Monday, August 15, 2022

Glossary

  • Active audience: audiences who actively engage in selecting media products to consume and interpret their meanings.

  • Audience Categorisation: how media producers group audiences (e.g. by age, gender,
    ethnicity) to target their products.

  • Code: a system that uses signs or symbols to convey meaning. 

  • Connotation:  the suggested meanings attached to a sign, e.g., the red car
    in the advert suggests speed and power.

  • Convention: what the audience expects to see in a particular media text. 

  • Crane: any photograph taken using a camera mounted on an automated crane that can lift the camera into the air and move it in any direction. 

  • Cross-cutting:going back and forth between scenes in video editing, which frequently gives the impression that events taking place in many locations are happening simultaneously. 

  • Cut:a sudden, generally unimportant change in a movie from one scene to another.

  • Decode: to translate a coded communication into understandable form. 

  • Denotation:aspect of the sign that has a direct relationship with something real (the referent). 

  • Desensitization: audience is frequently exposed to graphic or violent material. 

  • Diegetic Sounds: sound that comes from the fictional world and can be seen, for example the sound of a gun firing, the cereal being poured into the bowl in an advert, etc.

  • Dissolve: a picture-to-picture editing shift that is progressive.

  • Diversification: where media organisations who have specialised in producing media products in one form move into producing content across a range of forms. 

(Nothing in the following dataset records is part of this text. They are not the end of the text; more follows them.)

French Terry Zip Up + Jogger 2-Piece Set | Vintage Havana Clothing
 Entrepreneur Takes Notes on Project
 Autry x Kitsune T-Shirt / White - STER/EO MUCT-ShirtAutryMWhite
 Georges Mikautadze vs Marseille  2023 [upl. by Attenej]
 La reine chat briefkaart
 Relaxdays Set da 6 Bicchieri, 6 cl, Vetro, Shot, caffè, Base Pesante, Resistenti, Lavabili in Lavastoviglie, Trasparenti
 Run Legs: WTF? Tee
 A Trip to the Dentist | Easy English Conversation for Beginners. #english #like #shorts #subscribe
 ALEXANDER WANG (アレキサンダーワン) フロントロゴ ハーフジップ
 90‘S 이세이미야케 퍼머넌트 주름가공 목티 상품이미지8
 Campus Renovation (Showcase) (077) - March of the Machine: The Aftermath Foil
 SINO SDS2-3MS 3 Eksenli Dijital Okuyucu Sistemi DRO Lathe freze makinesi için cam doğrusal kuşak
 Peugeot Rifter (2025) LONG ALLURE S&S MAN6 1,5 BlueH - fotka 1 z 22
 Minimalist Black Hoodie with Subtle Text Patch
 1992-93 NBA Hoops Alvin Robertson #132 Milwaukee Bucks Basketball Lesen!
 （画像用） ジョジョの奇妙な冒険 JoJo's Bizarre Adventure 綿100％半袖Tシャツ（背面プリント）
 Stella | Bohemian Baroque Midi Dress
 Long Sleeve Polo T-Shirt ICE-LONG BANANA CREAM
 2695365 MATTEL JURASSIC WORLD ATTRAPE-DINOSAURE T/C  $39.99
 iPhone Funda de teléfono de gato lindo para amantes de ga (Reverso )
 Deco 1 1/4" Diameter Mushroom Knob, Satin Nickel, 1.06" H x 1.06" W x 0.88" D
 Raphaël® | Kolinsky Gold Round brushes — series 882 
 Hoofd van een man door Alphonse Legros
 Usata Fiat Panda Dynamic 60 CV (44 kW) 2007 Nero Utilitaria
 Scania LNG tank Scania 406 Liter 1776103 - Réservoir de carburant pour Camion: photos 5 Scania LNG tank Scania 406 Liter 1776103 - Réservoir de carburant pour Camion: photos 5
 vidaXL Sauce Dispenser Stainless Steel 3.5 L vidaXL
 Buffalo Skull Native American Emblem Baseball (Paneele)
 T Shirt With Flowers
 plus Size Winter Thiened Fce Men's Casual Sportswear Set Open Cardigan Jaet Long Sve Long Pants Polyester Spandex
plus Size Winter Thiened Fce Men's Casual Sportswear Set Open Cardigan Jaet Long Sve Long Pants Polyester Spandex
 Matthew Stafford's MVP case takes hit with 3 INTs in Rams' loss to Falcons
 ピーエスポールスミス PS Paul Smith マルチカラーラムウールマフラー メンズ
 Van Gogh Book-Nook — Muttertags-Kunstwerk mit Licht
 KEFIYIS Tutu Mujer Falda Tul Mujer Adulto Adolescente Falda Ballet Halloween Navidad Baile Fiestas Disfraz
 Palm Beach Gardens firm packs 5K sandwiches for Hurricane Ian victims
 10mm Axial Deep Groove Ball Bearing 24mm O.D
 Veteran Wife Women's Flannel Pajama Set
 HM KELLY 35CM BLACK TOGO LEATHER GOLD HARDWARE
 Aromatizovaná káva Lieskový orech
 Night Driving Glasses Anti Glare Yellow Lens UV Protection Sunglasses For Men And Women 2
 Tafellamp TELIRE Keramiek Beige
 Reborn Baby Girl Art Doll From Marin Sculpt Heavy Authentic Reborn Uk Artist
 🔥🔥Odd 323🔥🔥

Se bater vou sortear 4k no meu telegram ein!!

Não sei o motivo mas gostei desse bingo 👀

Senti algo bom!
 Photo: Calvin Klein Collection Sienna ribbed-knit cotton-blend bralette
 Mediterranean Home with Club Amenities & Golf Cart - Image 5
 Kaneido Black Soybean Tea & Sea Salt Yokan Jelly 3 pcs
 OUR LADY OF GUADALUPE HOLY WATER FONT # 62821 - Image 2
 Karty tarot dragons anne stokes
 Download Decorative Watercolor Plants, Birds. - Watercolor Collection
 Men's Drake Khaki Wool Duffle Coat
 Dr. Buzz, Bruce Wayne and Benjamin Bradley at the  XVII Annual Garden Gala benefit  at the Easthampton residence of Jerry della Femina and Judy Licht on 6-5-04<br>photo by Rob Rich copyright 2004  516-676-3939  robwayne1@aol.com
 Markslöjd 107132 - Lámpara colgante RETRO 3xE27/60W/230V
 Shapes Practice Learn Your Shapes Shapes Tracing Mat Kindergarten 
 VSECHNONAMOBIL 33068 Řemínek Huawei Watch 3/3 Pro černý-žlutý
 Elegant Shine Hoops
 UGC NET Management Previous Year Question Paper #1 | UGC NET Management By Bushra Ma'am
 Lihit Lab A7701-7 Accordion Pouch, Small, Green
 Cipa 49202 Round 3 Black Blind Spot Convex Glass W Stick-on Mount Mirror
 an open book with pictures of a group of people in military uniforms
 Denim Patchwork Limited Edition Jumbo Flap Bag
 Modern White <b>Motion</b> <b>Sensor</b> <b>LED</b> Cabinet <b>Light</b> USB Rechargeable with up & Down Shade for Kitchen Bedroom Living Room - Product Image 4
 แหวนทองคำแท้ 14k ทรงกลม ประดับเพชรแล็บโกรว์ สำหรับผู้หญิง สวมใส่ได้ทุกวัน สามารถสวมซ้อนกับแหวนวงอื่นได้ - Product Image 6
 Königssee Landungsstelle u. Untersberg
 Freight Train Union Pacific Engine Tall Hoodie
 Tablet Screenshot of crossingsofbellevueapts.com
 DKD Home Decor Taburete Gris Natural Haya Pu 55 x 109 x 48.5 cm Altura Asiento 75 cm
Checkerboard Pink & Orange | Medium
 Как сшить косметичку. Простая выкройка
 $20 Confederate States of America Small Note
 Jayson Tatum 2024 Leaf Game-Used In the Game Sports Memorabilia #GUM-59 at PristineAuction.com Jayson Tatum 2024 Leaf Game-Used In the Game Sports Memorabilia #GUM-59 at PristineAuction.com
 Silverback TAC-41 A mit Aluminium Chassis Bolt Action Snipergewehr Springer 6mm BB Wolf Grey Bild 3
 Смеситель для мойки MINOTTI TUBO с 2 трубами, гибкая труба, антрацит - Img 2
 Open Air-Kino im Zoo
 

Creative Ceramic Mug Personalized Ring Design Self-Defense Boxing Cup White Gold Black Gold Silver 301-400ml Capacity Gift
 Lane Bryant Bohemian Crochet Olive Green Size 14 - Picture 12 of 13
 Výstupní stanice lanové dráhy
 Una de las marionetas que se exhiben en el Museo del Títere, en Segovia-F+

  • Dolly: the camera may follow a topic while moving forward, behind it, or beside it. 

  • Encode: to change a communication system to a different one. 

  • Fade: a method of transition or opening shot used by film editors to gradually introduce viewers to fresh visuals rather than cutting abruptly between scenes. 

  • Flashback: a literary device used to insert older events into a chronologically ordered chain of events. 

  • Genre: media texts can be grouped into genres that all share similar conventions. 

  • Hypodermic needle theory: communication theory that contends the recipient fully and directly receives the intended message. 

  • Iris: a method used more frequently to close or open scenes in silent movies and television, but occasionally to highlight one particular feature over all others. 

  • Mass Audience: traditional idea of the audience as one large, homogenous group. 

  • Media Language: the specific elements of a media product that communicate meanings to audiences. 

  • Mise-en-scene: all elements in the frame. 

  • Negotiated Reading: the audience is aware of a text's intent and implications, yet they may also reject particular portions. 

  • Non-Diegetic Sounds: sound that is out of the shot. 

  • Oppositional Reading: the audience doesn't understand the text's meaning and may even not pay attention to it. 

  • Pan: the camera horizontally and move it around the scene in sweeping motions. 

  • Passive audience: the idea (now widely regarded as outdated) that audiences do not actively engage with media products, but consume and accept the messages that producers communicate. 

  • Preferred Reading: the content is understood by the audience exactly as the author intended; perhaps they share the same ideological viewpoint. 

  • Representations: the way in which key sections of society are presented by the media, e.g. gender, race, age, the family, etc. 

  • Reverse Shot: a cinematic device in which two characters are recorded separately from each other from various angles while appearing in the same scene. 

  • Reverse Zoom: a method used in movies to alter how far away an object is from the camera affects how it appears from that object's perspective.

  • Stereotypes: an exaggerated representation of someone or something. It is also where a certain group is associated with a certain set of characteristics. 

  • Tilt: a vertical movement where the camera pivots but the base of the camera stays stationary.

  • Track/Tracking: any shot in which there is a physical movement of the camera through the scene, whether it is sideways, forward, or backward.

  • Zoom: when a camera's focus length is changed to make the subject appear to be getting closer or farther away.